Description of the task » Copy out the whole listing exactly as written, leaving the pictures behind.

Dataset section »
::::::::::

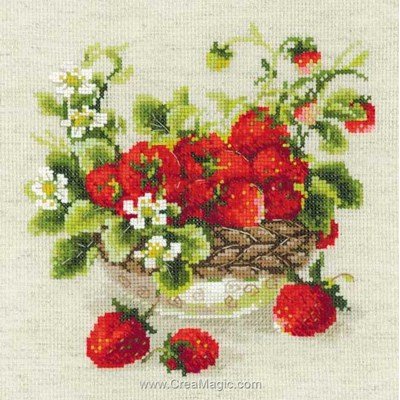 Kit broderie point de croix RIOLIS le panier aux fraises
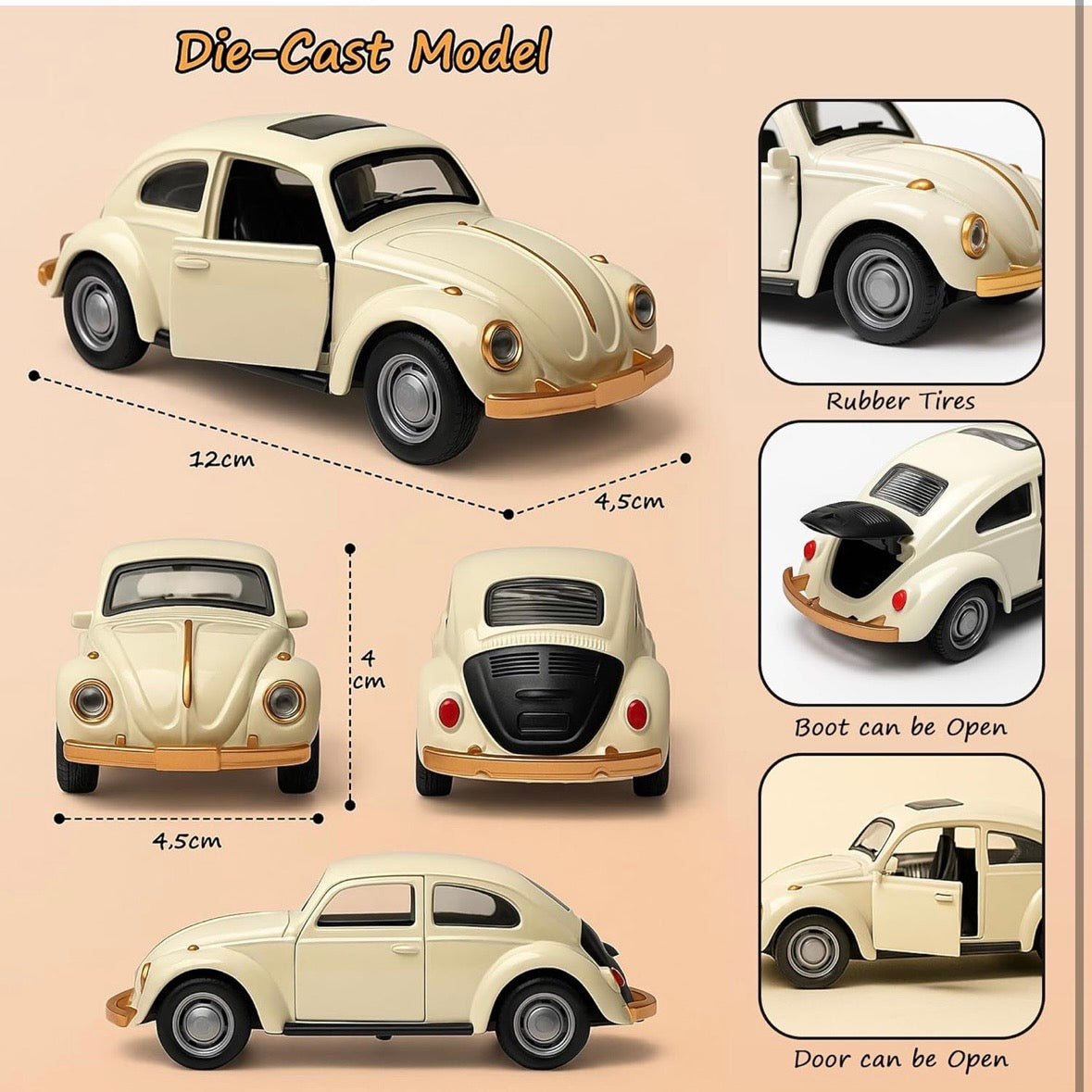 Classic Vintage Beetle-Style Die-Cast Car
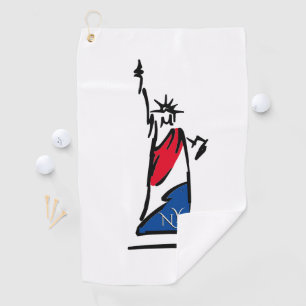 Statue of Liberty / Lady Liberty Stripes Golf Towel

::::::::::

Task answer »
 Kit broderie point de croix RIOLIS le panier aux fraises
 Classic Vintage Beetle-Style Die-Cast Car
 Statue of Liberty / Lady Liberty Stripes Golf Towel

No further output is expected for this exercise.